Once I’ve finished virtually all the reading (I’m always deciding there are other things to read.  But at some point, it’s pretty much done) then I sit back and think, from scratch, what I want the book to look like and what I want to go into it, from everything I’ve read, notated, and thought about.   Of these many thousands of things in my head and already on the page (in my notes) what do I want to write?

One thing that is interesting – you wouldn’t know this without going through the process – is seeing how different your sense is at the end of the reading process is from when you began.

So let me back up.  Most authors can get a publisher to give a contract for a book (to publish it) only when the book is completely finished.  You finish the book, send it to a publisher, and they decide whether or not to publish it.  It’s very hard to do, especially if you are an unknown quantity.  Most of the time publishers won’t even look at the book if you haven’t already published books.  That’s obviously a Catch-22!

The way almost every professional academic gets around it is to publish their dissertation: you write the publisher and say that this is a revised version of the dissertation that you did at such and such a university with such and such an advisor – and they’ll look at the manuscript to see if they want to publish.  If they do, then that’s your first book; then, the next time you write a book, you inform a prospective publisher that this is your *second* book, that the first was published by so and so, etc.

And so scholars normally for their first, second, and later books get a contract for a book only when they either have finished it already or – for a second or third book – when they are far enough along that they have a chapter or two that a potential publisher can read and evaluate before deciding whether to extend the contract.

With trade book publishing it is a different matter.  It is very hard to break into trade book publishing, that is, getting a book published with a publisher that caters to a general audience and that plans to try to get your book into Barnes & Noble and onto a best seller list.  If you haven’t already published a trade book, it’s very hard indeed.  You almost always have to have an agent represent you to promote your book with a publisher.

But it’s very hard to get an agent, since agents make their money by getting a cut of your (eventual) royalties, which means they can only represent books that they are sure are going to make money (or they will be out of a job) which means they have to be very, very selective in choosing who their clients are that they will be spending their time getting published.

How hard is it for someone who has never published to get an agent?  Well, I suppose it’s not impossible, but it’s hard.   My agent gets something like ten requests a week.  But he has time for only – I’m guessing – twenty or thirty or so authors altogether on his list at one time.  He works with each of these for years on each book they write.  So if in the course of a five year period he is working with, say, thirty authors, during that same time he has received 2500 requests by potential authors to work with them.  It ain’t easy to get him to agree to represent you.

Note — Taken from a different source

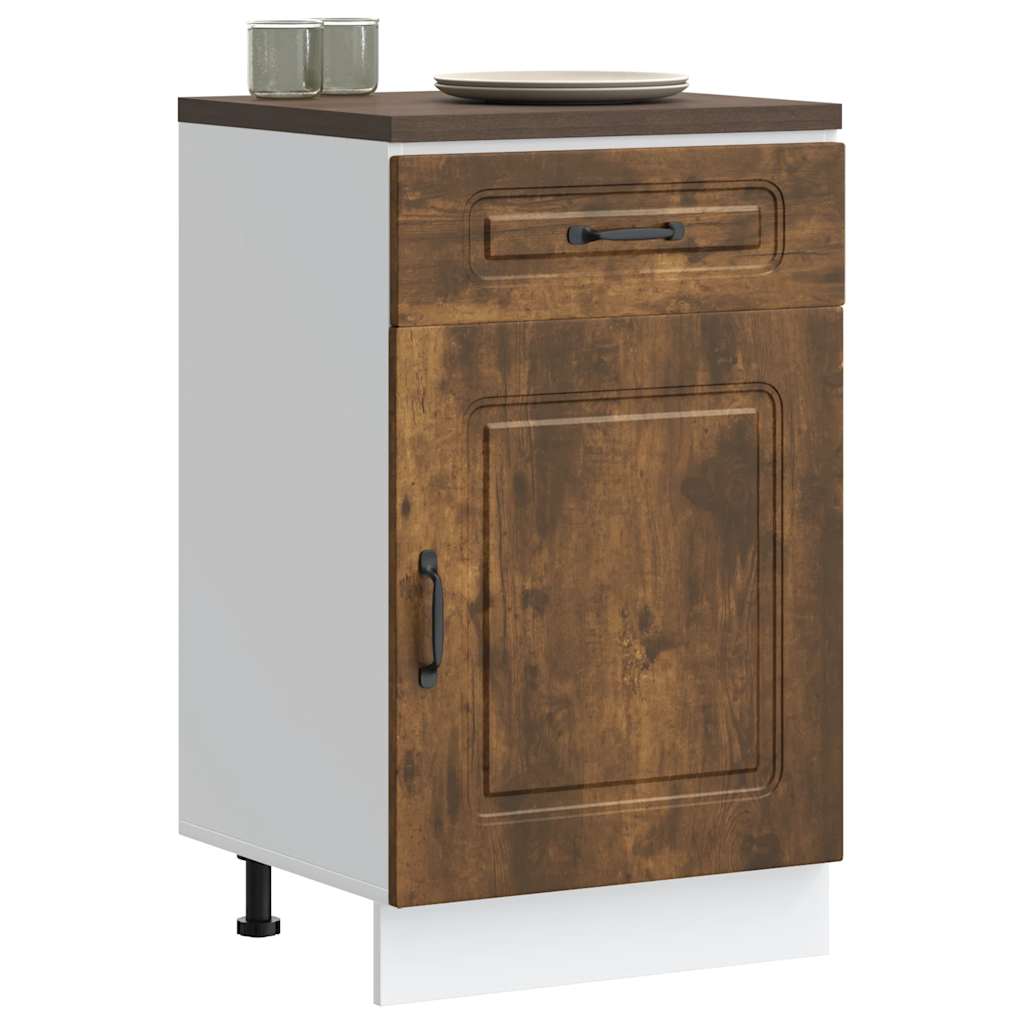 vidaXL Mueble bajo de cocina Kalmar madera ingeniería de roble ahumado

Most people that I know from my academic world who have agents are people who already published a scholarly book or three, who have decided to go into trade publishing.   They have a leg up getting an agent – the agent will consider trying to help them publish a book they have already written.

For authors like me who have already written a number of books, the process is completely different.  I get contracts for trade books I haven’t event *started* to write.  Someone at my stage proposes a book to a publisher and the publisher decides whether it is worth taking the risk.  It’s a risk because they give a monetary advance as part of the contract.   If you’re Stephen King its millions.  If you’re not, it’s not.   But it’s still a risk, since if the publisher bets badly, they will go out of business.  They are very choosy.

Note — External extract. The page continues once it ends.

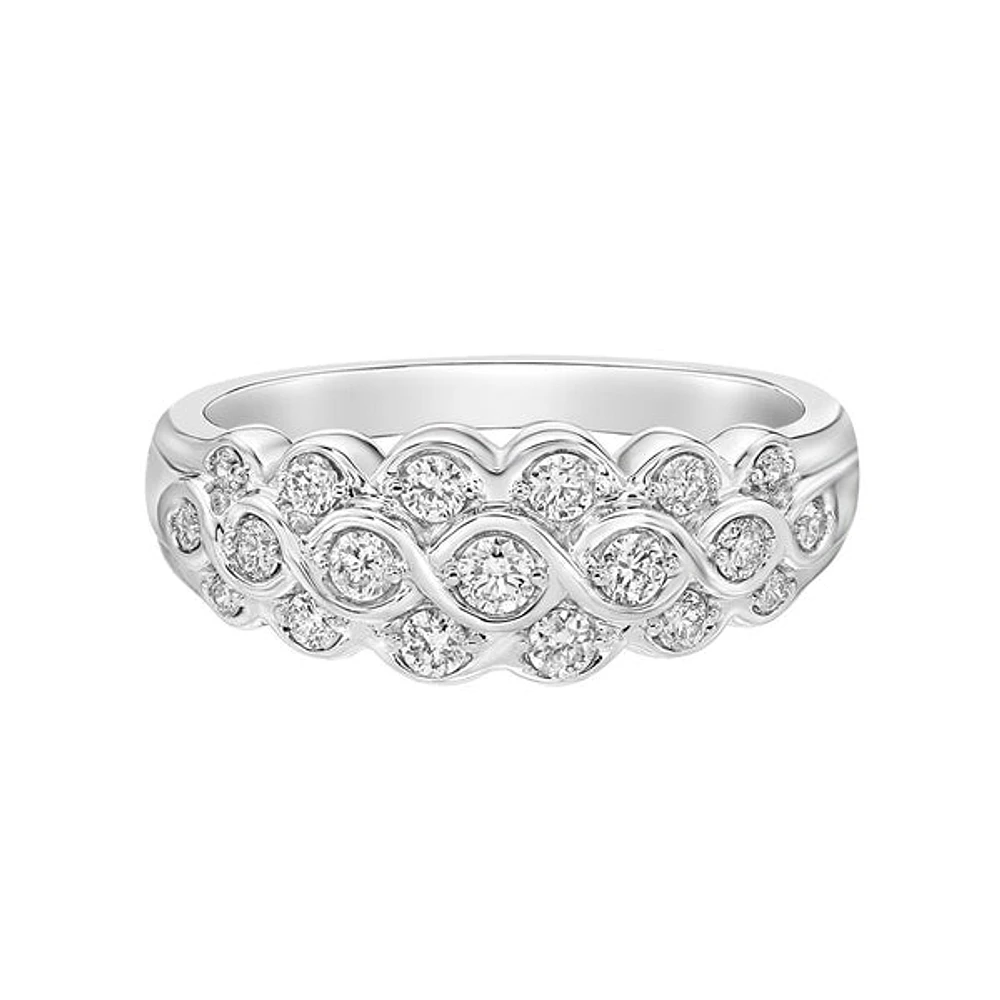 14K White Gold Prong-set diamond band with curves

They decide on the basis of a prospectus the author writes.  These vary in length.  The one I wrote for this afterlife book was fifteen pages.  It described the book as much as I could in that short amount of space, and then gave a chapter by chapter breakdown of what I was imagining the book would look like.  On the basis of that the publisher decided whether to offer a contract for it.

But now that I’ve done the research – reading and annotating – I am in a much, much, much better position to know what the book will actually look like.  And it’s interesting –even a bit amusing – to see how I’ve matured, advanced, and developed in my thinking about the topic by comparing my current thinking with what I was thinking before I started doing the heavy lifting of reading everything relevant.  More on that, as I continue to talk about the post-reading phase of the work, in a later blog post.[/mepr-show]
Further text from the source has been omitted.